In response, each regiment elected two representatives, or Agitators; along with senior officers like Sir Thomas Fairfax, known as the 'Grandees', these representatives formed the Army Council. After a meeting near Newmarket, Suffolk on Friday 4 June 1647, they issued "A Solemne Engagement of the Army, under the Command of his Excellency Sir Thomas Fairfax". Presented to Parliament on 8 June, it set out their grievances and explained the constitution of the Council, to make it clear these demands had wide-ranging support. Parliament responded by ordering the New Model to disband.

Concerned Parliament intended to restore Charles without preconditions, on 4 June the Council had him removed from his Parliamentary guards, and taken to Thriplow. He was now presented with The Heads of the Proposals, a set of conditions prepared by Cromwell and other senior officers; in many ways, they were more lenient than the Newcastle Propositions, particularly in their religious provisions. This not only created a rift between Parliament and the New Model but also between its senior officers and the rank and file, who viewed them as being far too moderate. Seeing an opportunity to divide his opponents, Charles rejected them; on 26 July, pro-Presbyterian rioters burst into Parliament, demanding he be invited to London.

In early August, Fairfax and the New Model took control of the city, which re-established command authority over the rank and file. However, with the majority of the New Model now based in or around London, the influence of the Levellers was strengthened; with their support, the Agitators prepared a revolutionary new constitution called the Agreement of the People. This contained demands for almost universal male suffrage, reform of electoral boundaries, supreme power to rest with the Parliament, religious freedom and an end to imprisonment for debt.

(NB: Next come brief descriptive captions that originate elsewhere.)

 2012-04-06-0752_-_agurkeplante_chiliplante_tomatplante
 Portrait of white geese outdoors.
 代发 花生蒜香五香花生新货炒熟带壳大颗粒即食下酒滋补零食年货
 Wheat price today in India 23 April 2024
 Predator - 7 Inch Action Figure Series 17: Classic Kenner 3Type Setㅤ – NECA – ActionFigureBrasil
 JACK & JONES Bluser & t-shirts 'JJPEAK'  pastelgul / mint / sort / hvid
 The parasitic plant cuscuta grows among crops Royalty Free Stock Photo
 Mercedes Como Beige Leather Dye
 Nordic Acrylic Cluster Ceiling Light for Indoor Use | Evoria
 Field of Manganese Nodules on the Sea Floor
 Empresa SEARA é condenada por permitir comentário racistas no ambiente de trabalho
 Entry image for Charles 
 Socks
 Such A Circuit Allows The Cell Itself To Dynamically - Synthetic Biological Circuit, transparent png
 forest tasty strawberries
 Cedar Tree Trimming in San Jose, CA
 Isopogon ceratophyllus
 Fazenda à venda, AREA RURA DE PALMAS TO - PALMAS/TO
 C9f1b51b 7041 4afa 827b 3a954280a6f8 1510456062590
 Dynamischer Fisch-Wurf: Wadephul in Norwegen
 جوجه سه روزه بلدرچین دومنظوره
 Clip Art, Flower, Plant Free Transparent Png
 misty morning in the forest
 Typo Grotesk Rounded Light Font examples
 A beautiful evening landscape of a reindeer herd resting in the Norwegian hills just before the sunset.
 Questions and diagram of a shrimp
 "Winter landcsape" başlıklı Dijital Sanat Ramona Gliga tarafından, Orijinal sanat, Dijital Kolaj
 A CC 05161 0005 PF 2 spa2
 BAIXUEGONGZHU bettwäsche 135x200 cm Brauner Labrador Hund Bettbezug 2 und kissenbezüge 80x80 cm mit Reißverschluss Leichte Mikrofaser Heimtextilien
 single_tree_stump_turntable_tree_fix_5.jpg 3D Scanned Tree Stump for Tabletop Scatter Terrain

At the Putney Debates in late October and early November, Agitators discussed adoption of the 'Agreement' and the 'Proposals', with Cromwell's son-in-law Henry Ireton representing the Army Council. The Levellers pushed for a single meeting of the entire army, which would vote on which proposal to accept but were out manoeuvred by the Council, which insisted on three separate meetings. They used the delay to ensure adoption of the 'Proposals' by demanding every soldier sign a declaration of loyalty, to Fairfax and the Army Council, with signature signifying acceptance of the 'Proposals'. In return, they were promised their pay arrears in full; it was suggested divisions within the New Model could enable Parliament to delay or even refuse payment.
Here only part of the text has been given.